# Defy fit for size L



## Har (Oct 16, 2002)

Tall, 6-2, long inseam 35 inches, short torso. Like the top tube lenght of this size bike. Current saddle is ridden at 83cm measured from center of BB to top of saddle. Is this bike the right size for me?

I will learn more when i vist the shops, but live in a rural area and am trying to get some feedback before i venture out.

Thanks


----------



## creila (Nov 15, 2007)

Yes, the M/L would be on the small side, but still may work for you. I am 6'0 with 33.5 inseam and am comfortable on the M/L. The best thing is of course to ride it, but if you can't, then compare the top-tube length and seat tube length to a bike you are comfortable riding.
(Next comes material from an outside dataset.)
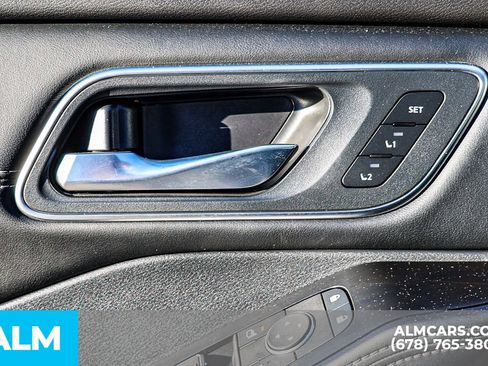 Used 2025 Nissan Rogue Platinum FWD image 48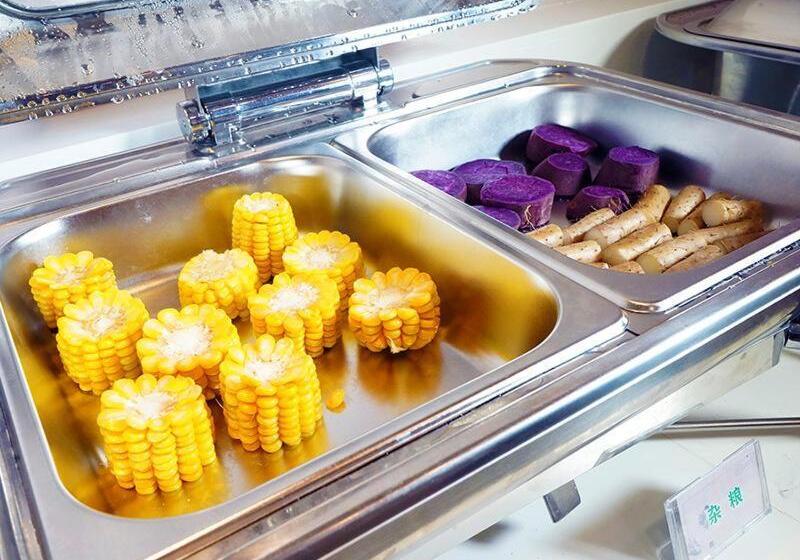 Lavande Hotel Zigong Tanmulin Lantern Park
It is always better to have a smaller frame that can accomodate a longer stem, than the other way around - been there, done that...


----------



## Comer (Jan 13, 2009)

I'm 6'0 with a 34" inseam and I ride the Defy Advanced 0 M/L with a 110 stem. My Cervelo S3, S2 and RS were all 56cm with 110 stem.


----------



## ticmxman (May 20, 2007)

I'm 6'-2.5'', 34 inseam, long arms. I'm happy with my large Adv Defy. Running a 120mm stem. A test ride to evaluate the tt length and headtube length is highly recomended.


----------